The problem is that all those numerous plants & animals being so diverse, interlocking & complicated that they cannot adapt to such increasing rates of change, caused by their own success, without losing structural cohesion (ie; a rising fever), and thus one gets a collapse. We do know however that total diversity exponentially rises over time, so after each iteration things are always better on average than before by some compounded percentage.

This is exactly the same process that drives the rise and falls of civilisations. It also is the same process that drives people going mad and recovering as I did. This notion of structural inflexibility - that the success of a system's structure generates so much change in its environment that it fails to adapt to changing conditions, so it collapses which forces adaptation - that is THE central thesis of my book, that we must deliberately & consciously deconstruct our society to make it vastly more flexible - that means eliminating most of our laws, social & legal structures, and in the process keeping what is absolutely required for our civilisation to continue - and not one iota more.
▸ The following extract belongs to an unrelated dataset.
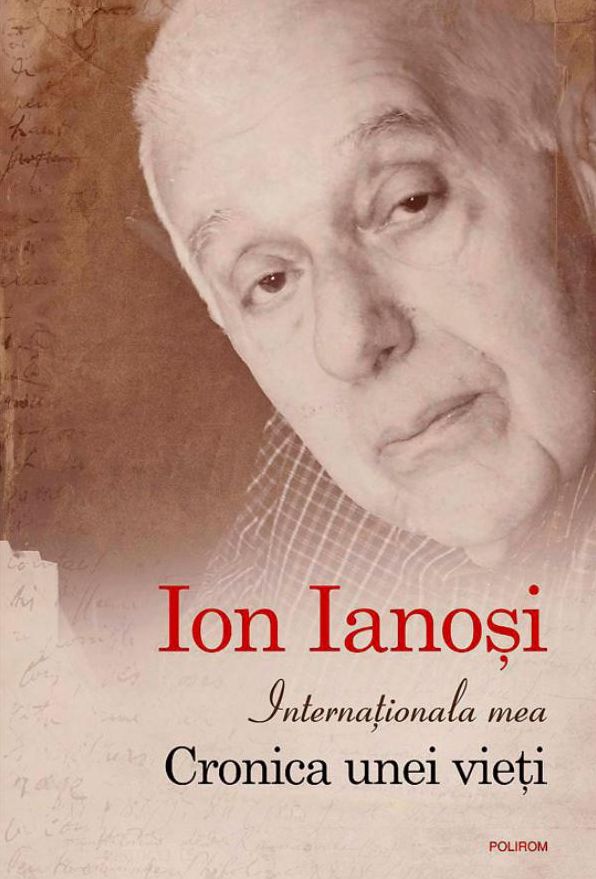 Internationala mea: Cronica unei vieti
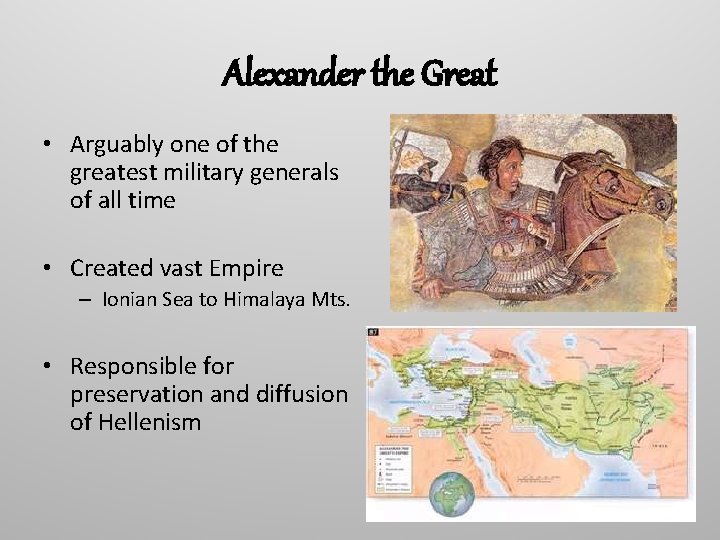 Alexander the Great • Arguably one of the greatest military generals of all time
Hence the main points of my book: improve speed & breadth of transmission & quality of information in all areas so trust is not only kept higher, but over-simplifying complex issues avoided. Simplify laws to most essential guidelines instead of tombs of books no human could possibly know in their entirety. Move economy's focus from increasing physical output to increasing cognitive improvement. Remove as many incentives to lie or falsify as possible. Tax what people do NOT what they earn - this unifies social, moral & legal societal controls in one, coherent direction rather than the current mess where taxes punish good behaviour (eg; earning more money) and bad behaviour is untaxed (eg; crime).

Well I hope you all enjoyed my four part series on economics and biology - as you might be able to tell, a lot of this is being synthesised for my book though I'll be a lot more rigorous (and hopefully clearer) there. Ok, time for food and cleaning the house before Megan and Johanna get back. Be happy everyone!